GOODBYE COLUMN: KAYLINN ESCOBAR

Print Co-Editorial Director

By: Kaylinn Escobar



CREDIT: Kaylinn Escobar


 

In accepting my fate as a Florida Gator in the Summer of 2020, I had resigned myself to a college career in a town I hardly knew and thought nothing of. The extent of my interaction with Gainesville had been the small strip of campus between Reitz Union and Anderson Hall, which is hardly a bazaar of arts and culture. Going into my college career as a STEM major certainly didn’t ease my worries about losing the hardly cultivated creative voice I could only exercise in fleeting English periods and a handful of college essays.


Imagine my surprise when a TikTok proclaiming there was an entire magazine dedicated to all of my interests — based in the University of Florida ?! — snuck its way into my algorithm. After applying with some shoddy writing samples and a GIF of Meredith Grey begging the print team to “Pick me, choose me, love me,” I was somehow let into the greatest, funniest Slack group chat on campus.


Being mentored under the print goddesses Ava Loomar, Kalia Richardson and Jenna Bennett (and the online goddess, Lauren Rousseau) was an esteemed privilege and I hoped to be able to lead others in the same way. Although I felt wildly out of place amongst the brilliant writers that filled our weekly Zoom print meetings, Ava interacted and edited with a grace that made me feel welcome all once. Lest I forget my brief, but pedagogic time being edited by Grace Romo. And of course, I could never believe in my creativity and voice as much as Lauren did. Having Kalia and Jenna trust me with the mantle they had inherited was a kindness I am sure they knew about when they passed the torch onto me.


Coming on as the Print Co-Editorial Director with the magnificent Anushka Dakshit was terrifying and exhilarating. There is no other person I could have dreamt of to welcome me and help me navigate the many (many) deadlines and logistics of print. Thank you for sticking by me in the hours-long Zoom calls and being my fellow Rowdy launch party wallflower. With Macie Goldfarb and Lily Clark, there was no other group of people I would trust with the task we were given.


It was made into an even more rewarding endeavor when I had the opportunity to work with our copy editor-turned-Co-Editorial-Director, Macie. I can only hope to carry myself with such an assured and humble air. Thank you for providing the edits I could never have fathomed on my own.


And even now, I leave Rowdy’s print team in great hands with the careful eye of Veronica Nocera (thank you for being a fantastic line editor) and resident wordsmith Sofia Echeverry (thank you for writing fantastic first drafts). 


Creating a magazine may be difficult, but honoring our writers’ brilliance and molding their works into a cohesive piece may be just as challenging.

Of course, our print writers have always made it an easy task.
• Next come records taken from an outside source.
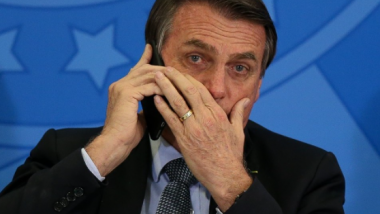 Após perda de seguidores no Twitter, bolsonaristas cobram ação do governo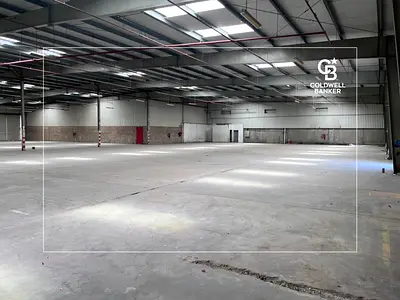 Drec Tax Free | Storage | Easy Access | 90kw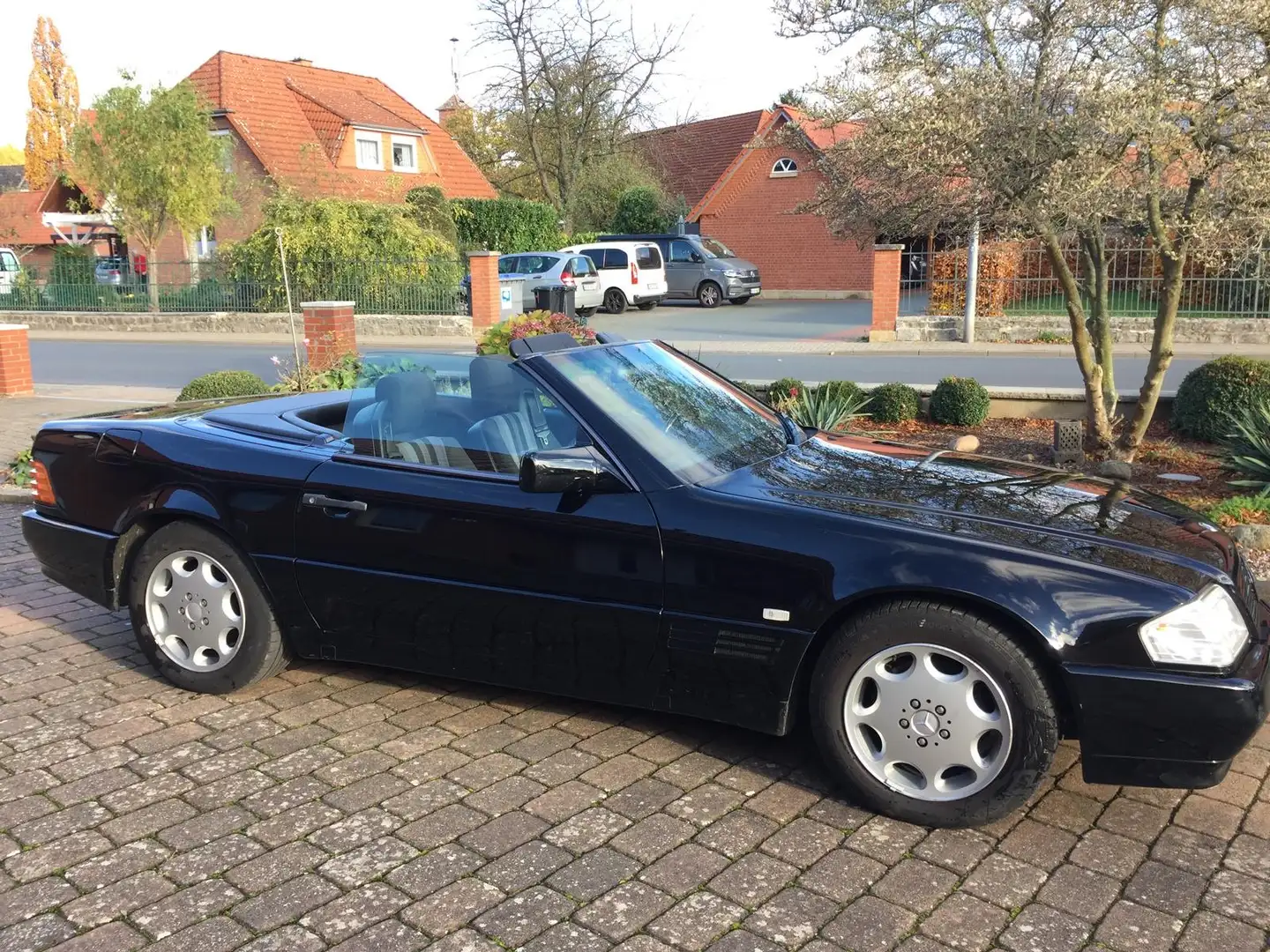 Mercedes-Benz SL 300 - 2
Thank you all for granting me the greatest responsibility in editing your words. It is the honor I will miss the most.


I’ve written articles spanning from cancel culture to growing up to archival social media to indie girls to Fleabag to secularism to material colonialism and now soft lives; I can hardly pick a favorite. It’s hard to imagine no longer being able to sneak in music and television quotes to indoctrinate you all into my cult of media. It’s even harder to let go of these glorious four years — although it might be time when I quantify it like that.


I will miss both the reprieve writing for Rowdy granted me from the whirlwind of my college semesters and the chaos editing for it has created for me all the same.


In the meantime, I have a stack of volumes I can reflect on whenever I get too in my feelings.


With love,


Kaylinn Escobar

Former Print Co-Editorial Director


 

Kaylinn was a part of Rowdy Magazine's print team since Summer of 2020 as a writer for Volume 4. Her first semester as Print Co-Editorial Director began in Volume 6 and her last semester ended with Volume 10. Find her rotting away in the Marston basement or swinging happily from a hammock in Plaza. Odds are 50/50.